#### Information shown
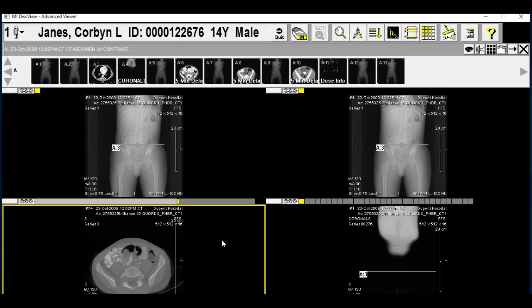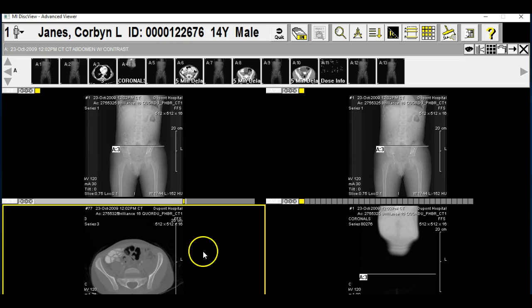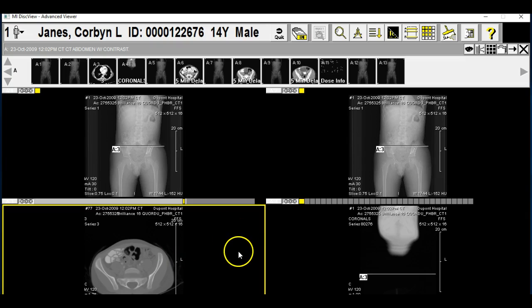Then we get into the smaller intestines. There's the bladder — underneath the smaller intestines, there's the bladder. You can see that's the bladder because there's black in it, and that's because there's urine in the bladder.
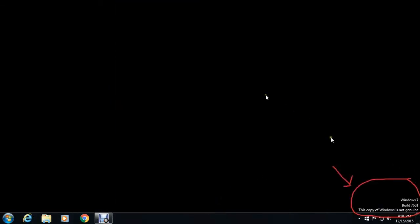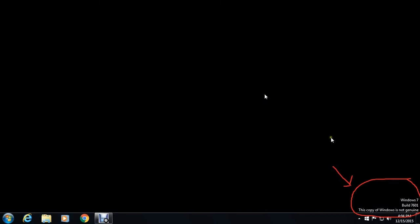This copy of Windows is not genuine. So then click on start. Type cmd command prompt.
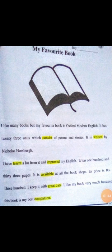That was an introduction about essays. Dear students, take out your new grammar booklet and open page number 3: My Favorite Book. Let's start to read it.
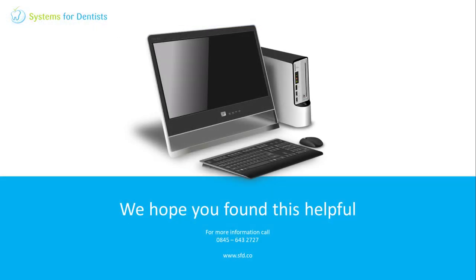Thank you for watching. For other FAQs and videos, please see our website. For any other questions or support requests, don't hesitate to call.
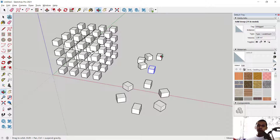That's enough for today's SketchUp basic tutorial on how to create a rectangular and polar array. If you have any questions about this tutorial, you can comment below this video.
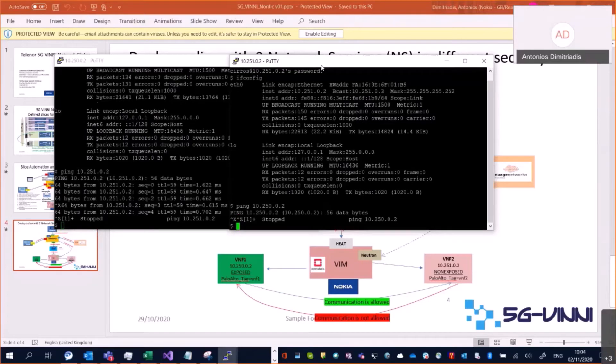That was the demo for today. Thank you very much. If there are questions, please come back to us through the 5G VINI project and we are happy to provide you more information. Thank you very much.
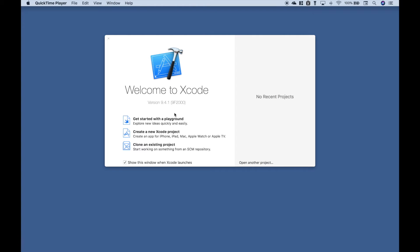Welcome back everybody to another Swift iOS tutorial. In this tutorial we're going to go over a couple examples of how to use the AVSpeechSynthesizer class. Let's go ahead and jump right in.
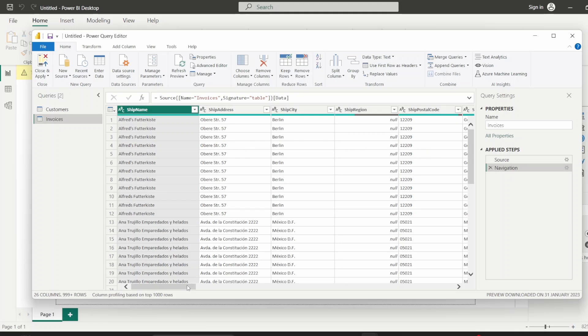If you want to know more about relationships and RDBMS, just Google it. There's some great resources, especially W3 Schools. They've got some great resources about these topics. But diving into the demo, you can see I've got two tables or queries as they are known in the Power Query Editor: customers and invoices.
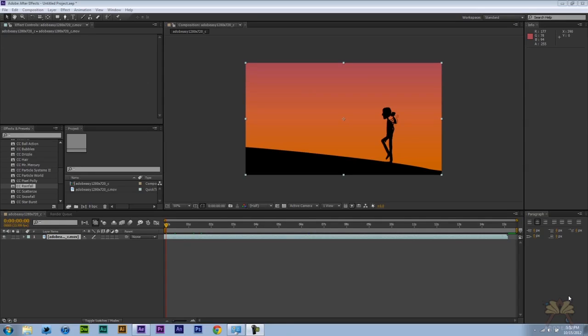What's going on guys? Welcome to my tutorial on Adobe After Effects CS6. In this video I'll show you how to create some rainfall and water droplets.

* * *

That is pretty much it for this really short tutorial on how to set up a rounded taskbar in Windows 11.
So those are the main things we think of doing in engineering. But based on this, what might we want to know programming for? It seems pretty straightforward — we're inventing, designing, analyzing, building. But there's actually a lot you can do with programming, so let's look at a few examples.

...

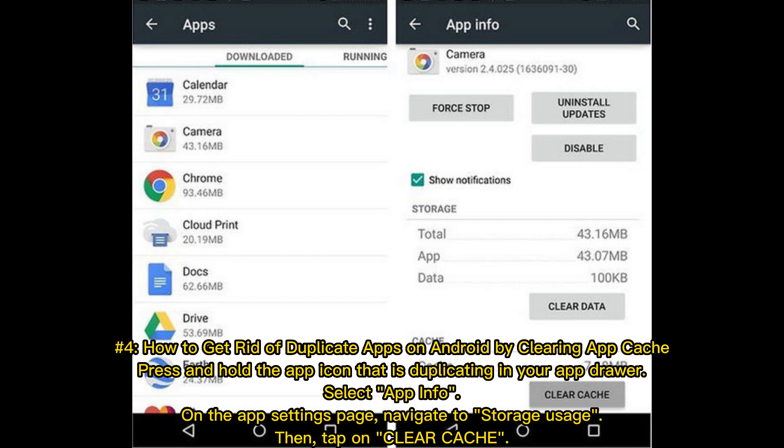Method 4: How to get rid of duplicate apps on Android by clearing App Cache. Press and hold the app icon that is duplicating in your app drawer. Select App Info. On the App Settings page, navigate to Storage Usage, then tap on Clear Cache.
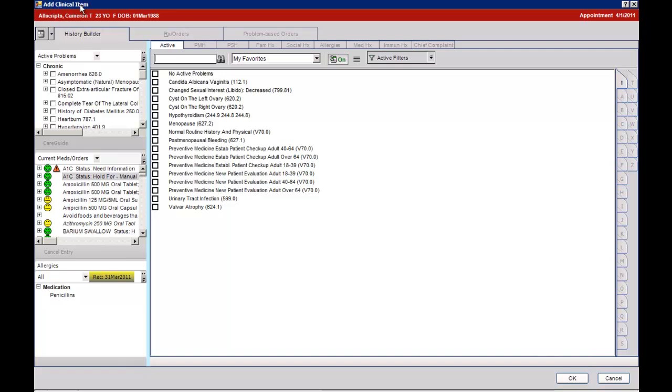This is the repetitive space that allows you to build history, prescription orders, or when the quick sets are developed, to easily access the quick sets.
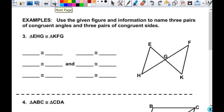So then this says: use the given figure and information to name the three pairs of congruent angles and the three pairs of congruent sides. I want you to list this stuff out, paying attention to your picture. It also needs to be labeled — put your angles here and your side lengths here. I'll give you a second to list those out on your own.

#### Problem to solve
From the records above, write out exactly the lines that begin at the line with "This copy of" and end at the line with "What's going on". Pictures must not appear in the output.

#### Result of the task
This copy of Windows is not genuine. So then click on start. Type cmd command prompt.
That was an introduction about essays. Dear students, take out your new grammar booklet and open page number 3: My Favorite Book. Let's start to read it.
Thank you for watching. For other FAQs and videos, please see our website. For any other questions or support requests, don't hesitate to call.
That's enough for today's SketchUp basic tutorial on how to create a rectangular and polar array. If you have any questions about this tutorial, you can comment below this video.
That was the demo for today. Thank you very much. If there are questions, please come back to us through the 5G VINI project and we are happy to provide you more information. Thank you very much.
Welcome back everybody to another Swift iOS tutorial. In this tutorial we're going to go over a couple examples of how to use the AVSpeechSynthesizer class. Let's go ahead and jump right in.
If you want to know more about relationships and RDBMS, just Google it. There's some great resources, especially W3 Schools. They've got some great resources about these topics. But diving into the demo, you can see I've got two tables or queries as they are known in the Power Query Editor: customers and invoices.
What's going on guys? Welcome to my tutorial on Adobe After Effects CS6. In this video I'll show you how to create some rainfall and water droplets.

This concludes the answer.